Save Storage by Using Derived Source - Amazon OpenSearch Service
Services or capabilities described in Amazon Web Services documentation might vary by Region. To see the differences applicable to the China Regions, see Getting Started with Amazon Web Services in China (PDF).

Save Storage by Using Derived Source

By default, OpenSearch Serverless stores each ingested document in the _source field, which contains the original JSON document body, and indexes individual fields for search. While the _source field is not searchable, it is retained so that the full document can be returned when executing fetch requests, such as get and search. When derived source is enabled, OpenSearch Serverless skips storing the _source field and instead reconstructs it dynamically on demand — for example, during search, get, mget, reindex, or update operations. Using the derived source setting can reduce storage usage by up to 50%.

Configuration

To configure derived source for your index, create the index using the index.derived_source.enabled setting:

PUT my-index1 { "settings": { "index": { "derived_source": { "enabled": true } } } }

Important considerations

  • Only certain field types are supported. For a list of supported fields and limitations, refer to the OpenSearch documentation. If you create an index with derived source and an unsupported field, index creation will fail. If you attempt to ingest a document with an unsupported field in a derived source-enabled index, ingestion will fail. Use this feature only when you are aware of the field types that will be added to your index.

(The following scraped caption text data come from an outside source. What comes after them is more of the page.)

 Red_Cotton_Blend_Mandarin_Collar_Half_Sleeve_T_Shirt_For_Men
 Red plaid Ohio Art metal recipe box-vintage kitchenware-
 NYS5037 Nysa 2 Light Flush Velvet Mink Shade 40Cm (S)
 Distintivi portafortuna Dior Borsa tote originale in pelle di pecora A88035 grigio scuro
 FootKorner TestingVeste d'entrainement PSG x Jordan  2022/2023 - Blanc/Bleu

  • The setting index.derived_source.enabled is a static setting. This cannot be changed after the index is created.

Limitations on query responses

When derived source is enabled, it imposes certain limitations on how query responses are generated and returned.

  • Date fields with multiple formats specified always use the first format in the list for all requested documents, regardless of the original ingested format.

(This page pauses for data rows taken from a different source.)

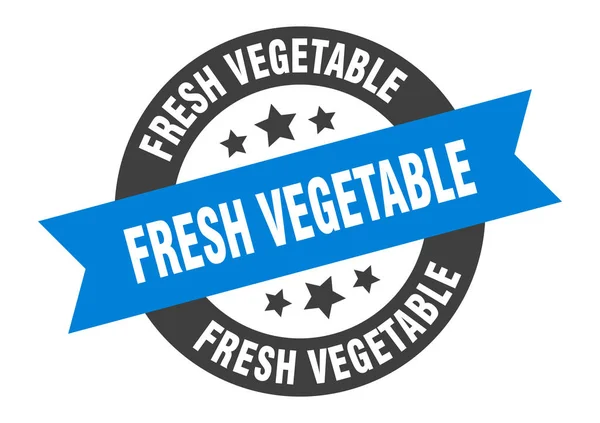 Signo vegetal fresco. etiqueta engomada de cinta redonda vegetal fresca. etiqueta de verduras frescas — Vector de stock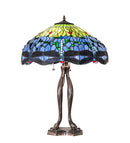 Meyda 33" High Tiffany Hanginghead Dragonfly Table Lamp- 109609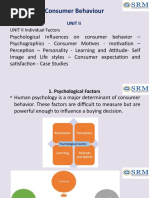 Consumer Behaviour: UNIT II Individual Factors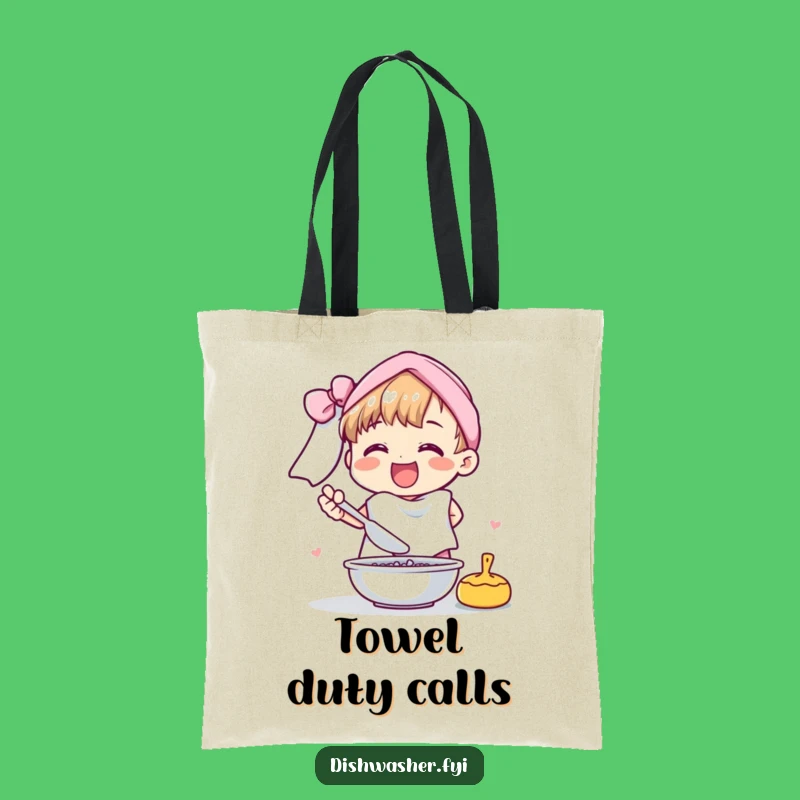 Funny Cheerful Character Drying Dishes Tote Bag: Hilarious & Practical Gift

  • Geopoint values are returned in a fixed {"lat": lat_val, "lon": lon_val} format and may lose some precision.

  • Multi-value arrays may be sorted, and keyword fields may be deduplicated.

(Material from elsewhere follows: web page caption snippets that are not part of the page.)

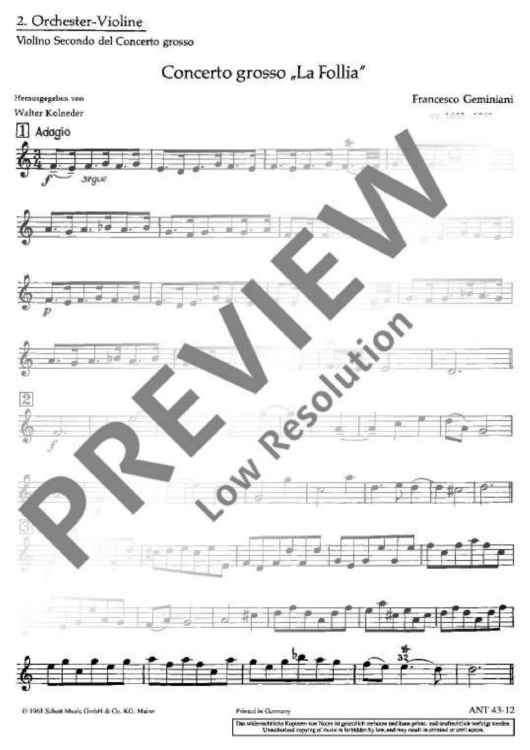 Concerto Grosso - Violin Ii Rip.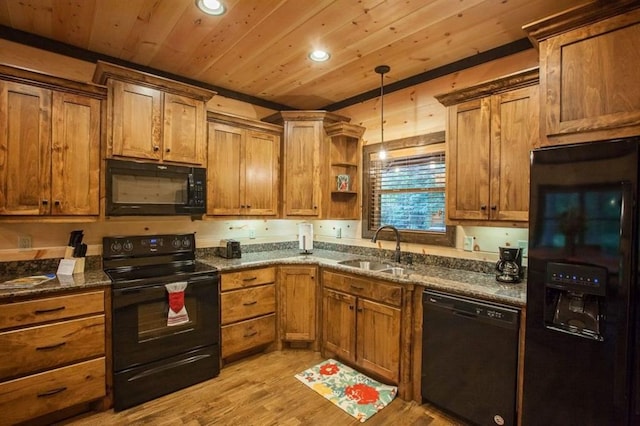 kitchen featuring open shelves, brown cabinetry, a sink, wooden ceiling, and black appliances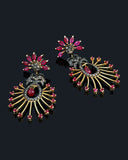 Diamond Pave Natural Ruby Gemstone Dangle Earrings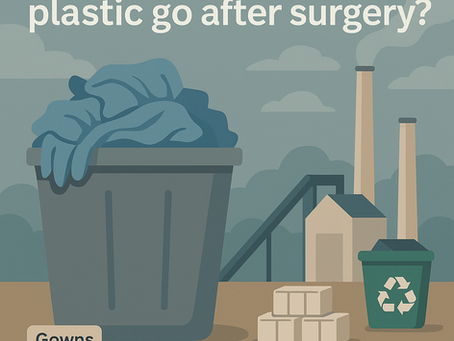 Illustration showing hospital plastic waste including blue sterile wrap and gowns. A large bin overflows beside a recycling bin and factory chimney, with labeled polypropylene blocks, posing the question: where does hospital plastic go after surgery?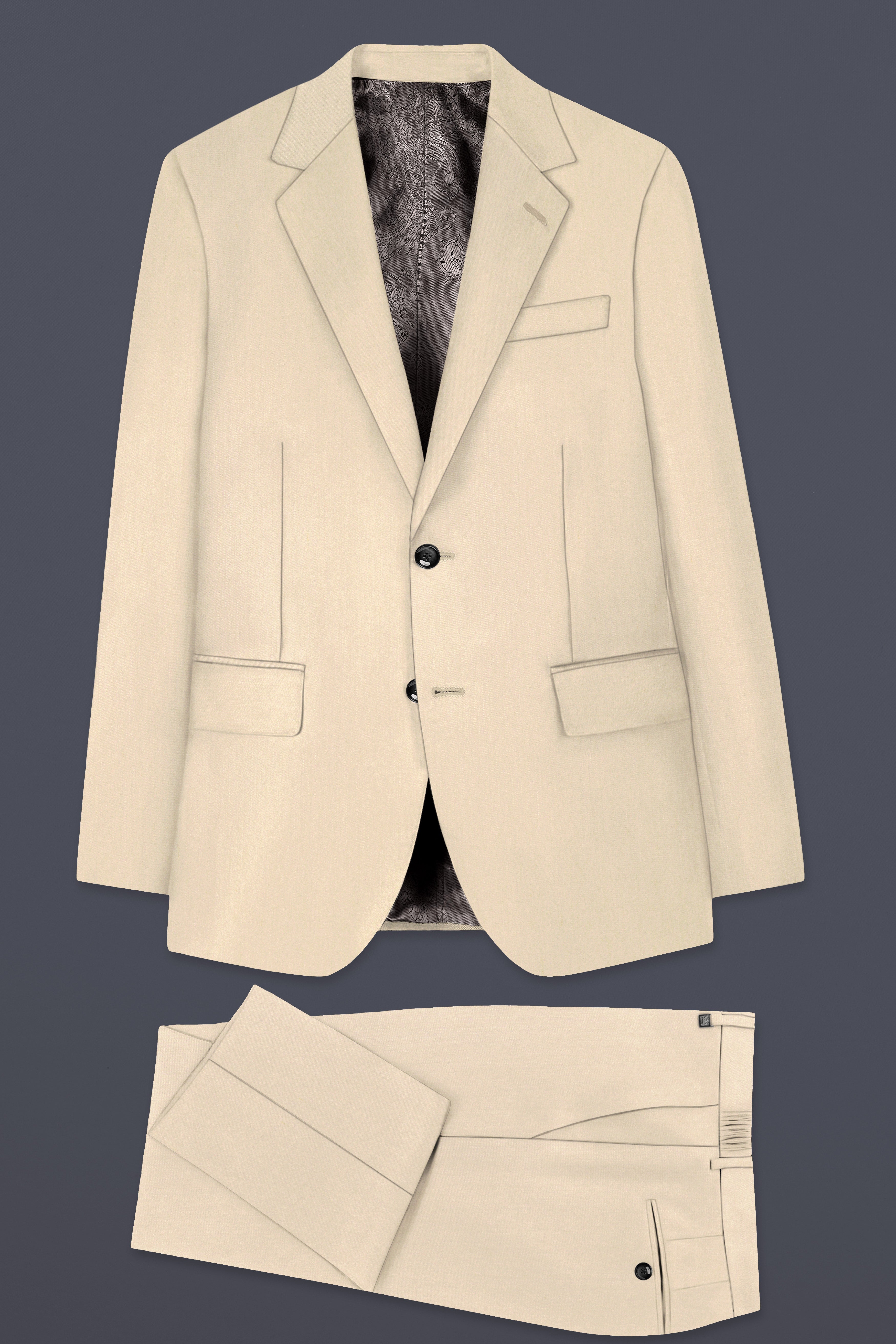 Hampton Cream Solid Wool Blend Single Breasted Suit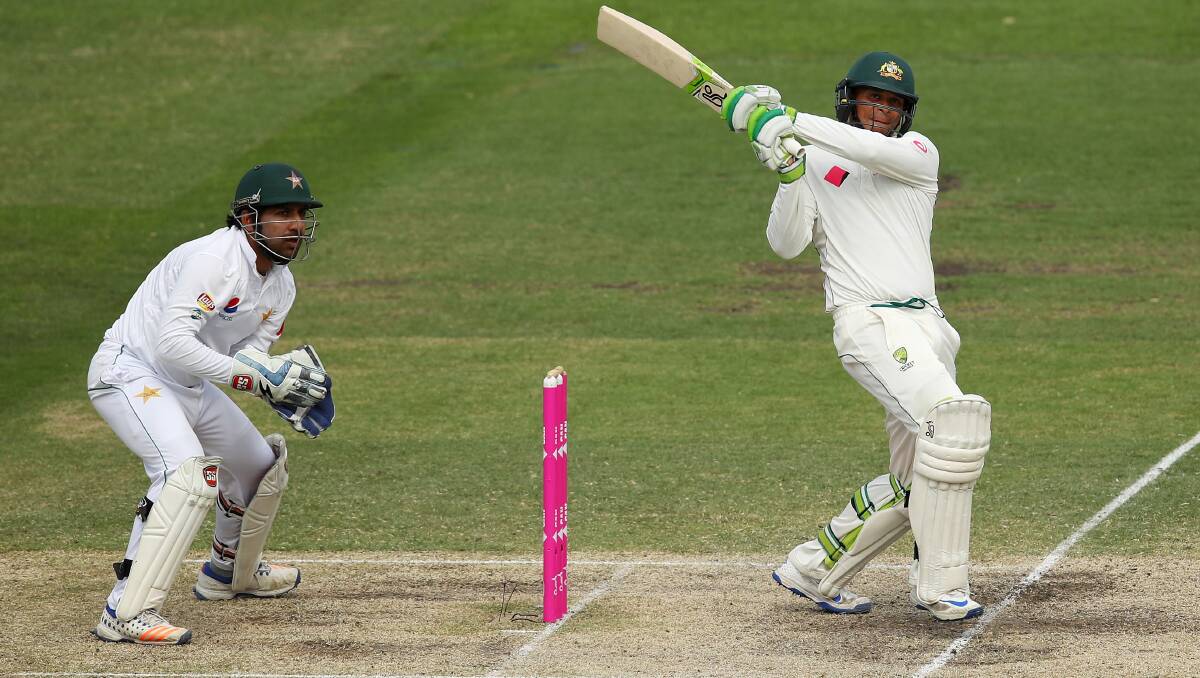 Whack: Usman Khawaja against Pakistan at Sydney Cricket Ground on January 6. Picture: Cameron Spencer/Getty Images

For more details, refer to the OpenSearch blog.

Performance benchmarking

Based on benchmark testing with the nyc_taxi dataset, derived source achieved 58% reduction in index size compared to baseline.

Metric Derived Source
Index Size Reduction 58.3%
Indexing Throughput Change 3.7%
Indexing p90 Latency Change 6.9%
Match-all Query p90 Latency Improvement 19%
Range Query p90 Latency Improvement -18.8%
Distance Amount p90 Agg Latency Improvement -7.3%

For more details, refer to the OpenSearch blog.